# Do I say something?



## ak41 (Sep 12, 2012)

Hi Everyone,

I need advice if I should say something. As I mentioned in a previous post I am concencerend about my husband cheating on me, not that he has ever given me any reason to ever believe that he would or that he is. But now Thursday night he forgot his phone in his truck, than this morning he left to go work on the family farm and he took his phone with him which he has never done before (mind you he does come home for a hour or so before he goes back there for the day and he typically takes it than) so I am very thrown off by this. Should I ask him about it and if so how should I address it with out coming off badly? He always says he will never cheat and to let him prove me wrong that he's not that guy. Thoughts?


----------



## heartsdelight (Apr 2, 2012)

I'm not really sure what you're concerned about here...could you maybe explain a little better?


----------



## EleGirl (Dec 3, 2011)

Do not say anything to him yet.

Does he keep his phone password protected?
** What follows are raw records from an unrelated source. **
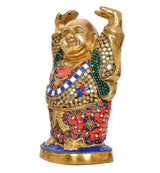 Brass laughing Buddha statue in a leaning pose, raised hands, colorful mosaic-style robe
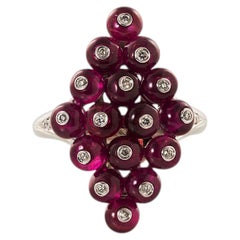 Anello di diamanti con perline di rubino a forma di aquilone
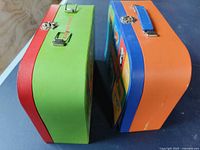 Side view of two metal puzzle carrier cases, one green and red, the other blue and orange, showing metal clasps and handles, one handle missing.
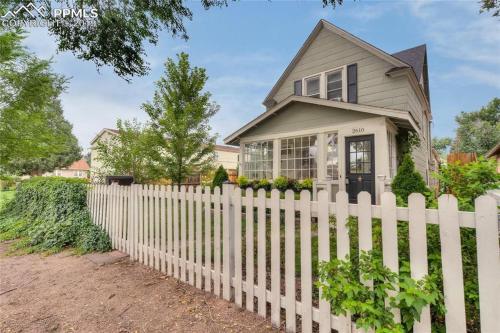 a white picket fence in front of a house at The Historic Blue Bird Cottage in Colorado Springs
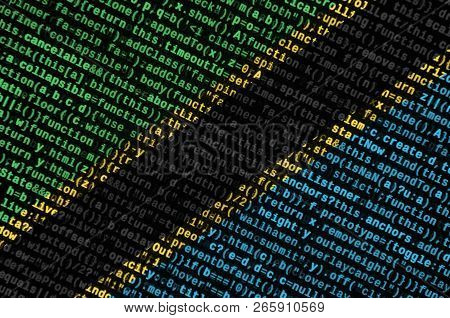 Tanzania Flag  Is Depicted On The Screen With The Program Code. The Concept Of Modern Technology And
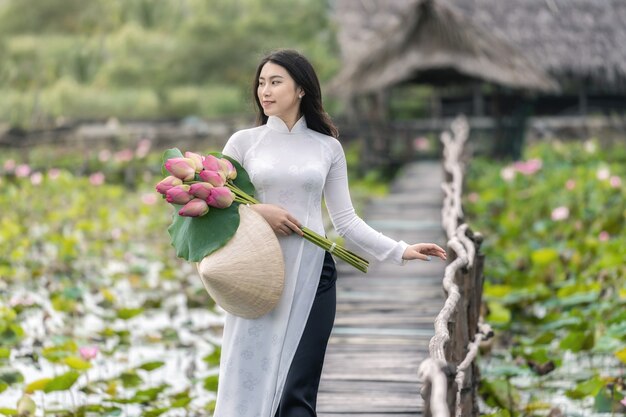 Portret van een mooie Vietnamese vrouw met een traditionele Vietnamese hoed die de roze lotus vasthoudt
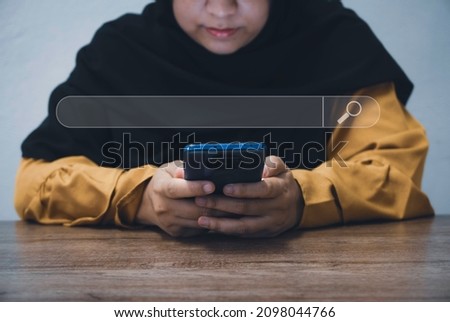 Data search concept. Search engine optimization SEO. A hijabi women looking for information through a mobile phone.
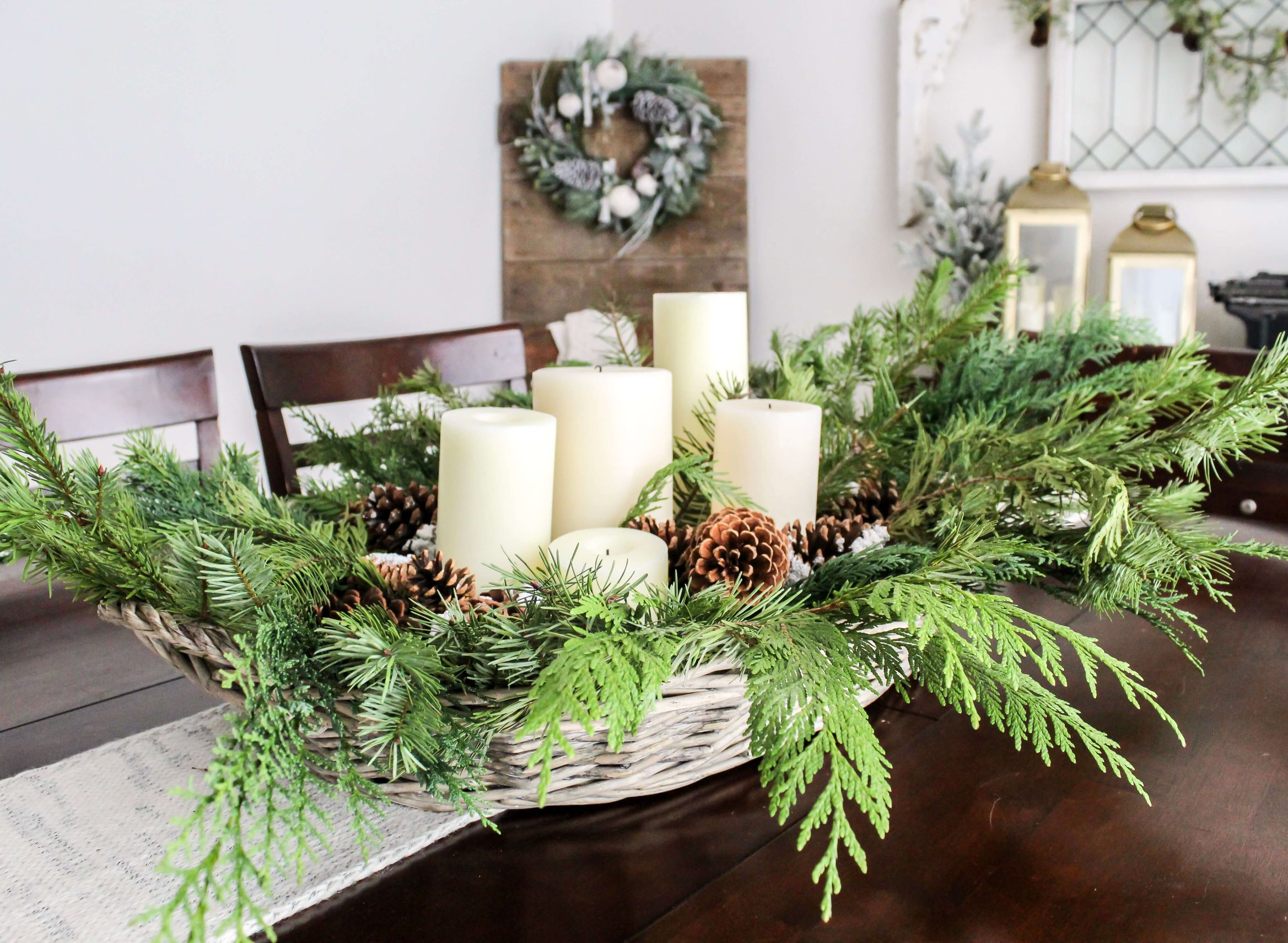 DIY centerpiece with fresh greenery, pinecones, and candles arranged in a basket and styled on a dining room table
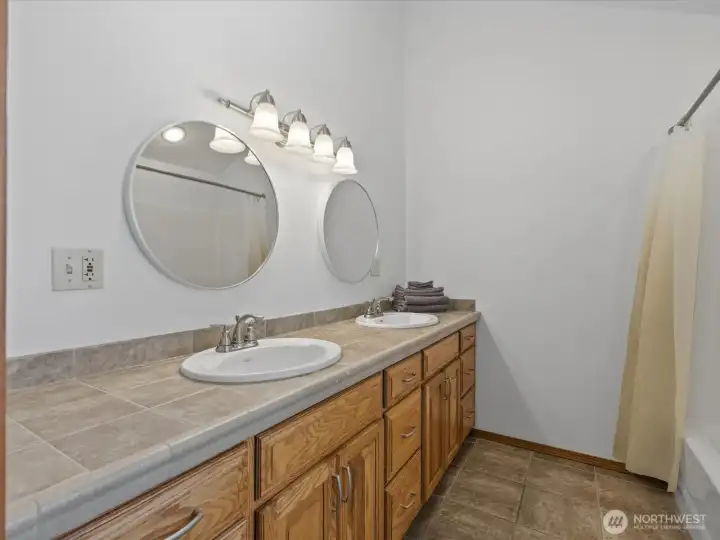 This full bath is also part of the upper level primary suite.
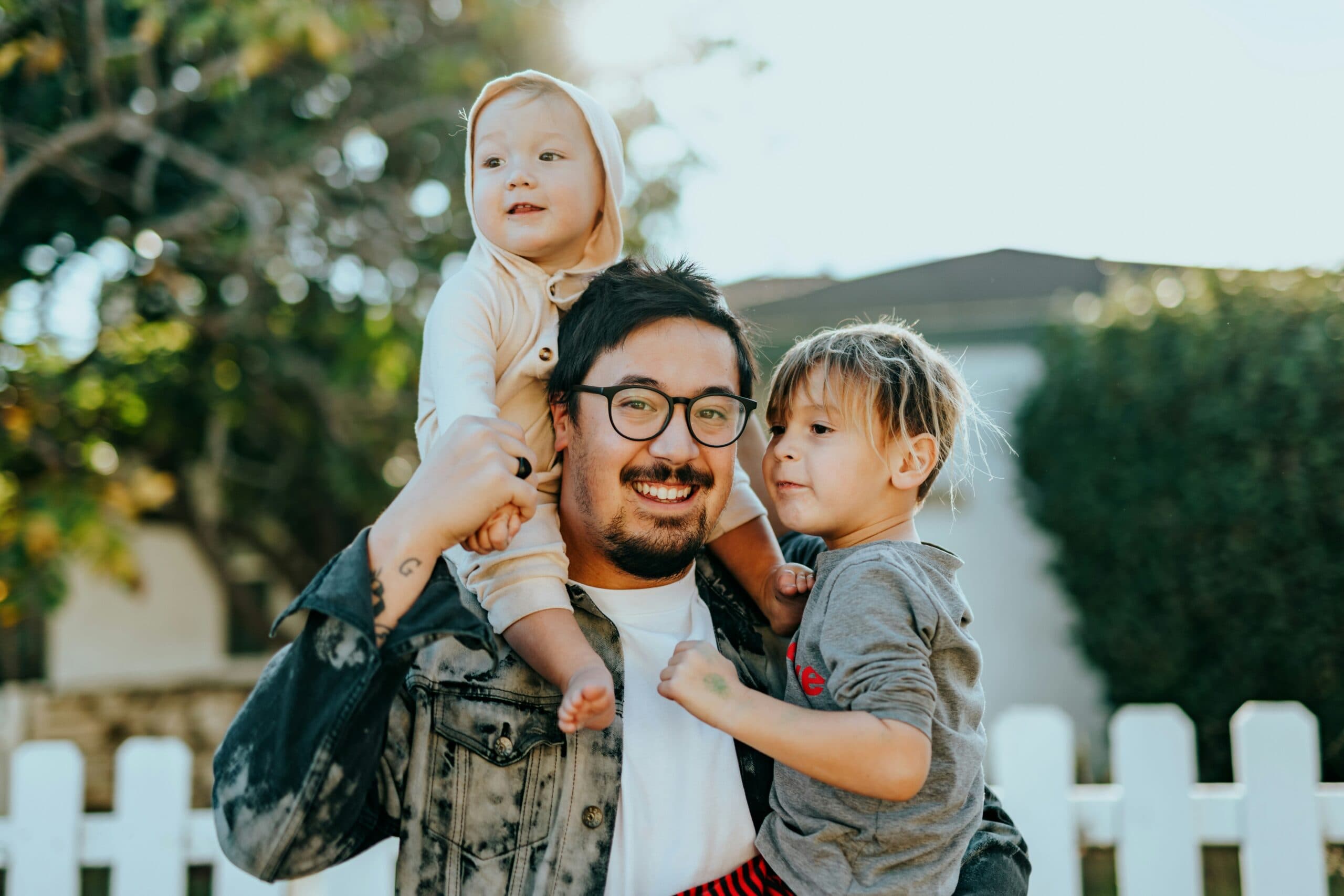 nathan-dumlao-Wr3comVZJxU-unsplash A smiling man with glasses holds a baby and a young child outdoors in front of a white picket fence, with trees and a house in the background. The baby wears a hooded outfit and the child wears a gray shirt.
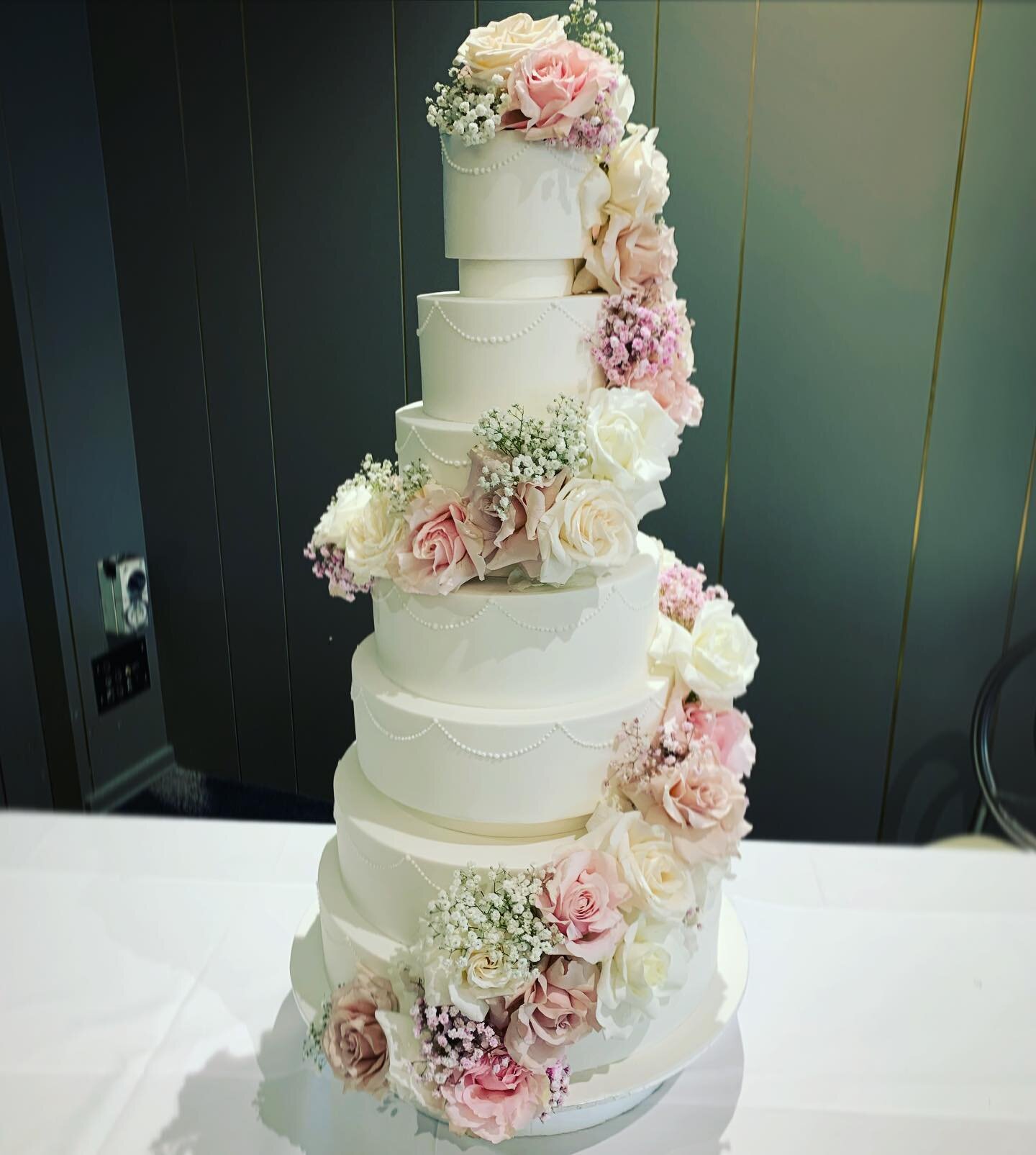 Spring vibes with fresh flowers wrapping around this elegant hand piped cake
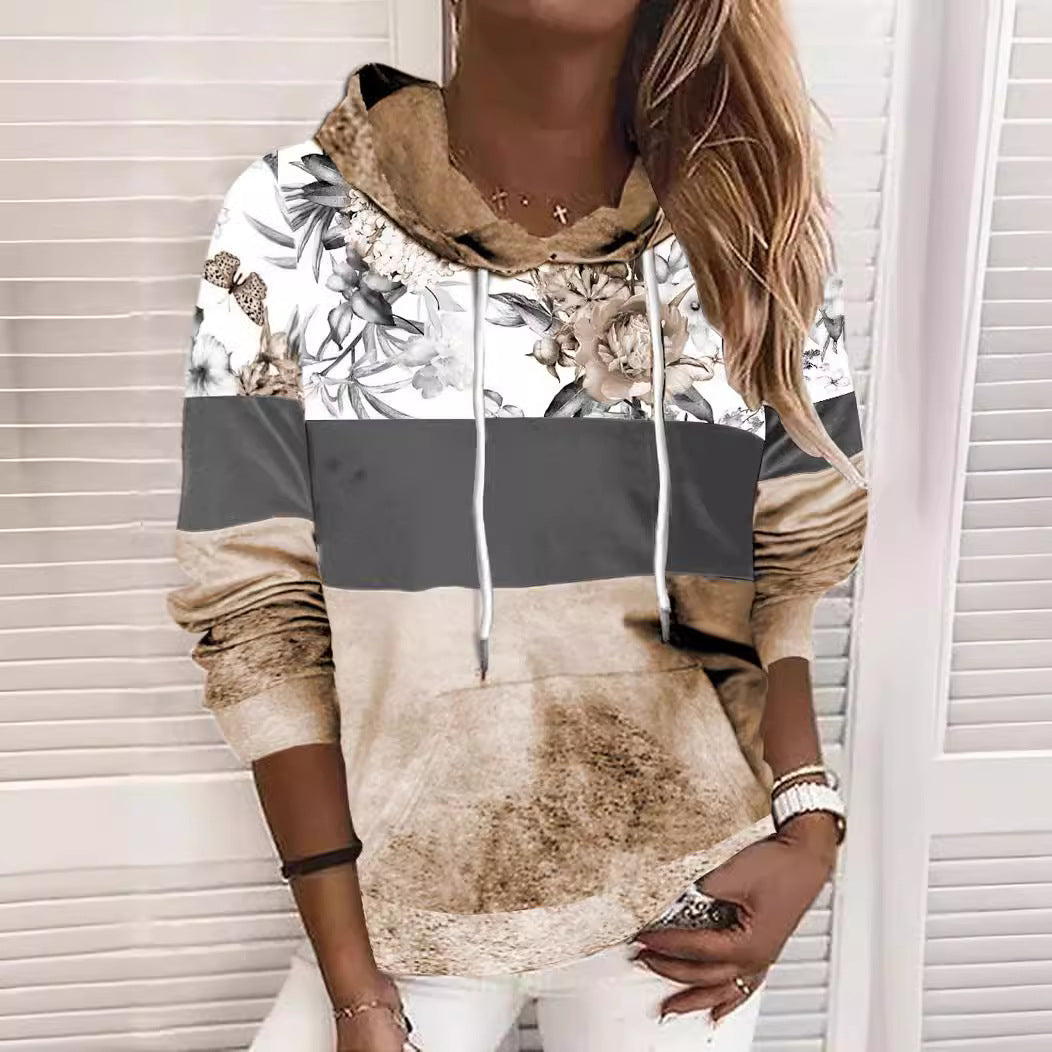 Damer hooded sweatshirt med blommig design och färgblock Mirla-Eva Jonsson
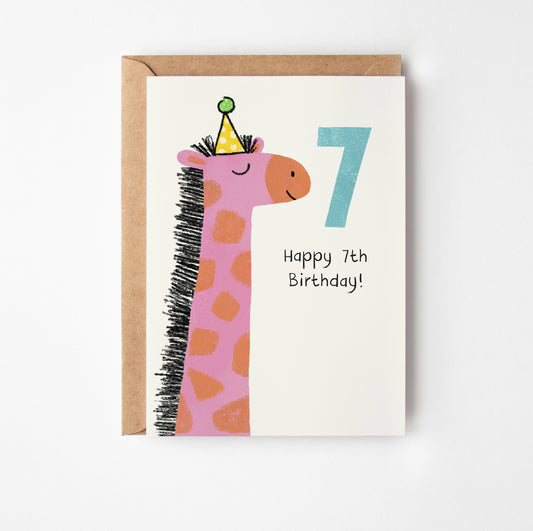 A greeting card with a kraft envelope, featuring a cute pink giraffe wearing a party hat next to a large number 7 and the text 'Happy 7th Birthday!' on a white card.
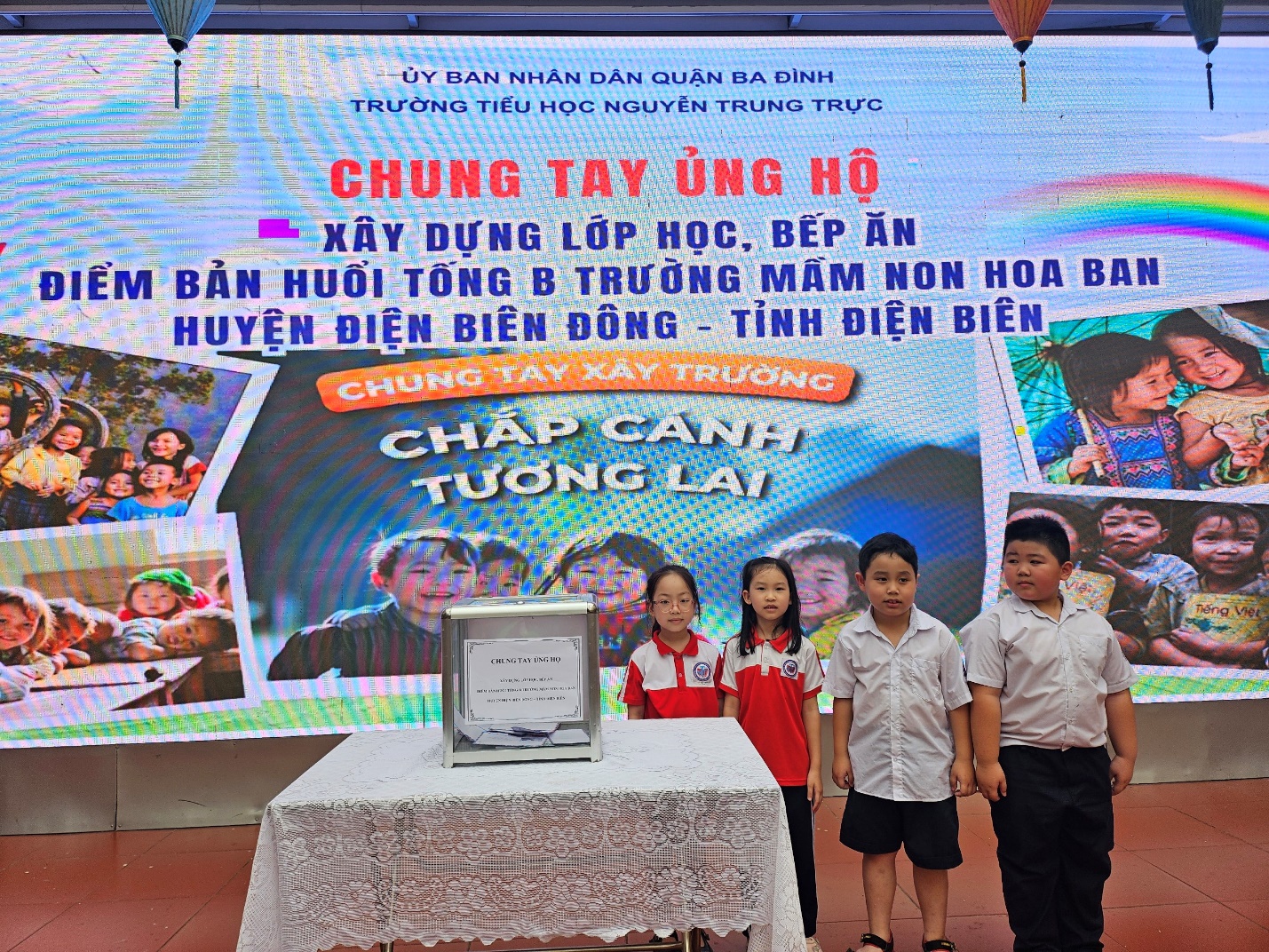 A group of children standing in front of a large sign

Description automatically generated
Have you checked the cell bill to see if there is a number that he talkes to or txts often?


----------



## livnlearn (Mar 5, 2012)

I know spending time here on TAM reading all the signs/red flags of infidelity ...it can tend to make a person paranoid, lol.

What you are describing doesn't sound like cause for concern to me. Are there others things that are making you suspicious??


----------



## ak41 (Sep 12, 2012)

Thank you for the replies, I didn't say anything to him. I can check our cell bill and there isn't any weird numbers. He doesn't have his phone password protected. He gave me his computer password awhile back. I think I'm just getting paranoid because of my past relationships and being things have been so rocky. I guess I just fear he will look elsewhere. Any advice on how to help me? Books, articles, etc.


----------



## richie33 (Jul 20, 2012)

If he is not doing anything and your just projecting you may need to reel yourself in. He might turn it around on you. The person accusing might be the guilty one. Stop right now with checking all his things. You did, found nothing, now stop. This can develop into something real unhealthy. You are bringing this baggage into your marriage. Good luck to you.
_Posted via Mobile Device_


----------



## Chelle D (Nov 30, 2011)

sorry, but working on a farm & NOT carrying a phone with him??? That would seem odd to me. Unless he always has a truck CB to call out for help if needed?

Sorry, but the part about forgeting phone in truck & then taking it with him the next day.... Does not give me concerns for cheating. Concerns for cheating would be ... new underwear showing up in the wash... Him needing to go to a meeting/ out with buddies & also needing to get dressed up for it.

Him getting messages & staying up late to reply to them.. then they are all deleted later.

Those would be signs of cheating. Not bringing his phone out to work with him.


----------